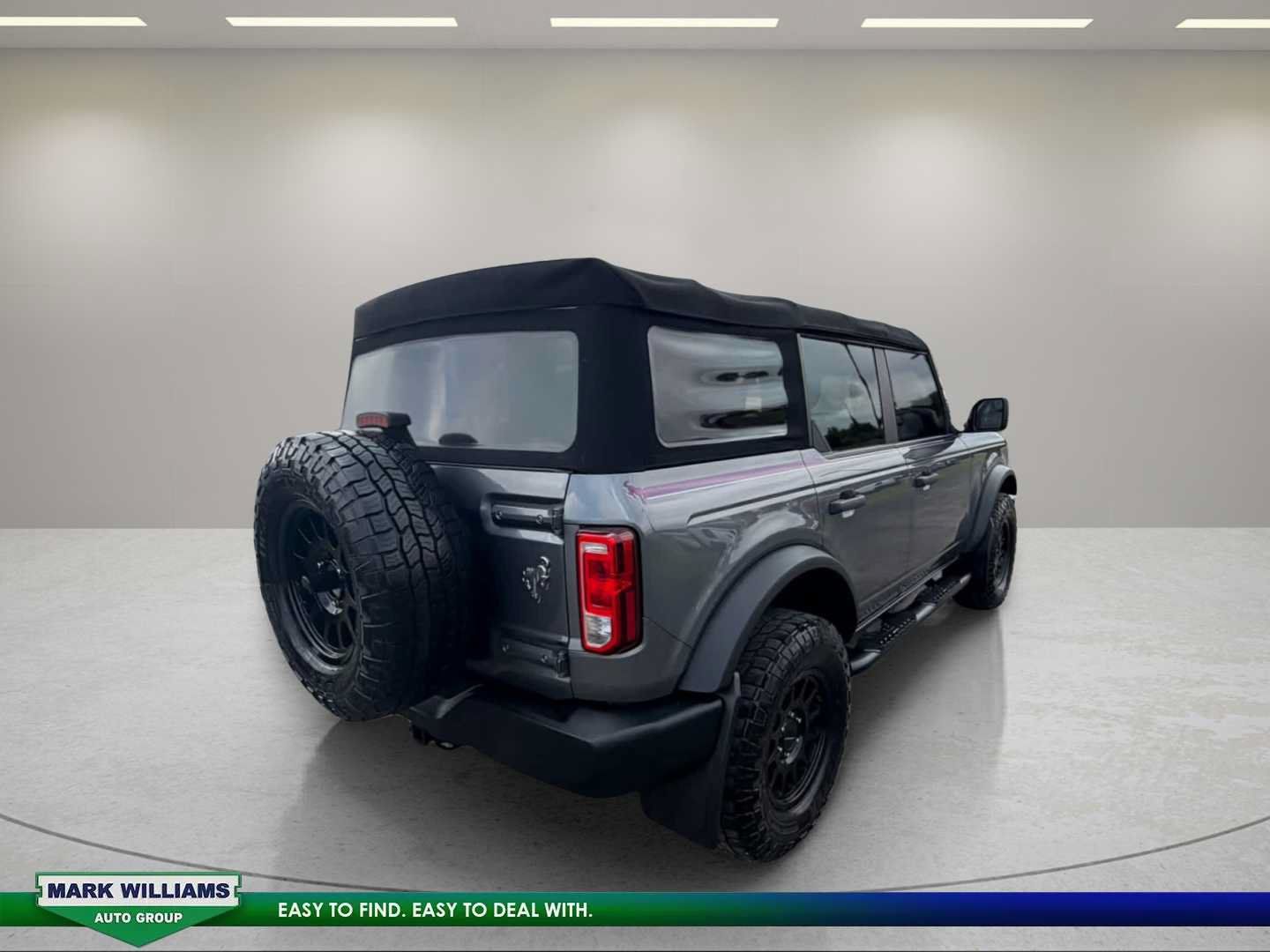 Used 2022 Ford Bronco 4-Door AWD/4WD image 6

---

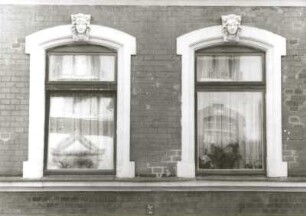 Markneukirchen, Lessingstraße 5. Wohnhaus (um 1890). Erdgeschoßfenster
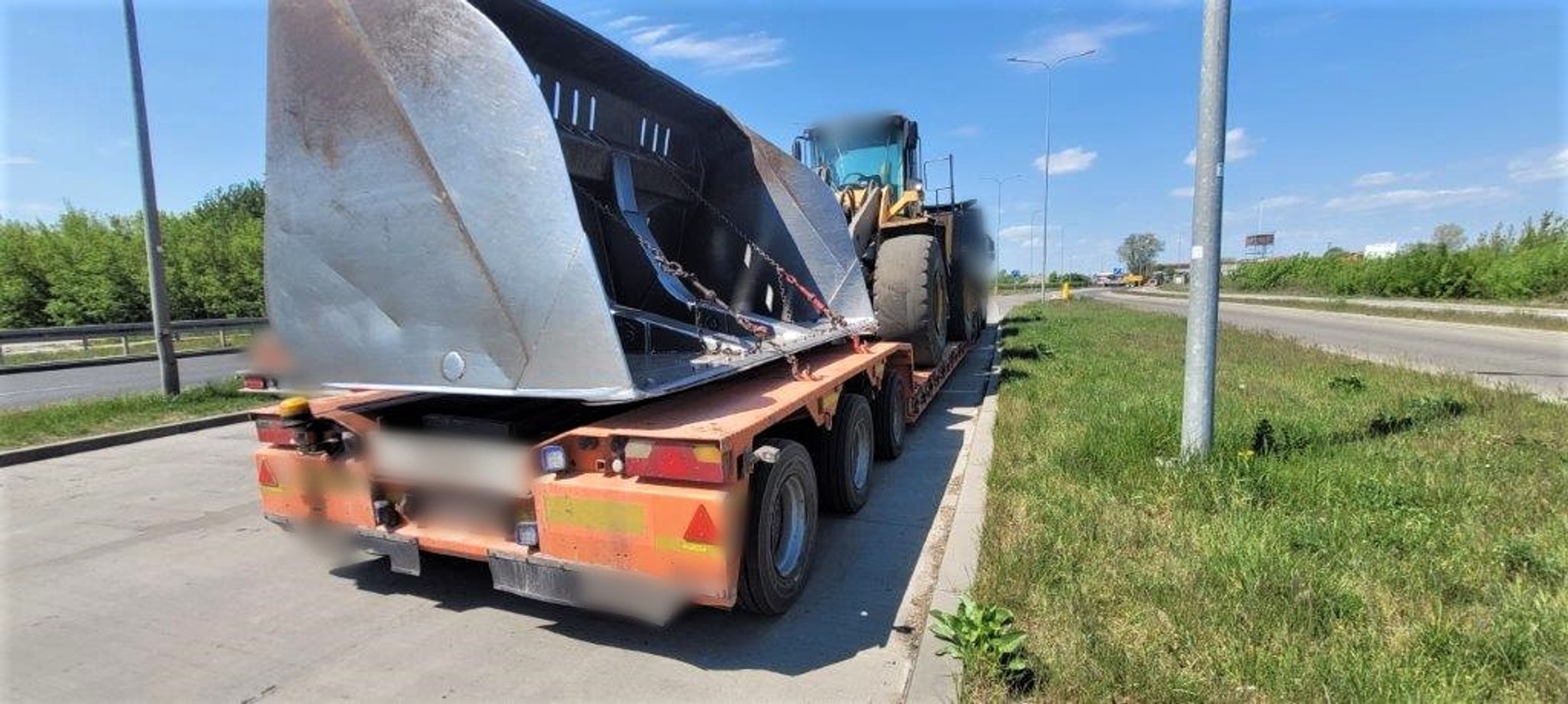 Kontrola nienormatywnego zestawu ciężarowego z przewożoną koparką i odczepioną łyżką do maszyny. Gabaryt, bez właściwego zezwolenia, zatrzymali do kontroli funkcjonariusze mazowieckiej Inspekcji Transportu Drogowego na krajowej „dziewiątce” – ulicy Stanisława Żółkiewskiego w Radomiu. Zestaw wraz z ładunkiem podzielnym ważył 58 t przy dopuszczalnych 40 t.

DIRECTIONS FOR THIS TASK -> Copy only these lines from the records above, exactly: the one with "Markneukirchen, Lessingstraße 5.", the one with "Kontrola nienormatywnego zestawu", and those between. Skip the pictures.

RESULT OF THE EXERCISE ->
 Markneukirchen, Lessingstraße 5. Wohnhaus (um 1890). Erdgeschoßfenster
 Kontrola nienormatywnego zestawu ciężarowego z przewożoną koparką i odczepioną łyżką do maszyny. Gabaryt, bez właściwego zezwolenia, zatrzymali do kontroli funkcjonariusze mazowieckiej Inspekcji Transportu Drogowego na krajowej „dziewiątce” – ulicy Stanisława Żółkiewskiego w Radomiu. Zestaw wraz z ładunkiem podzielnym ważył 58 t przy dopuszczalnych 40 t.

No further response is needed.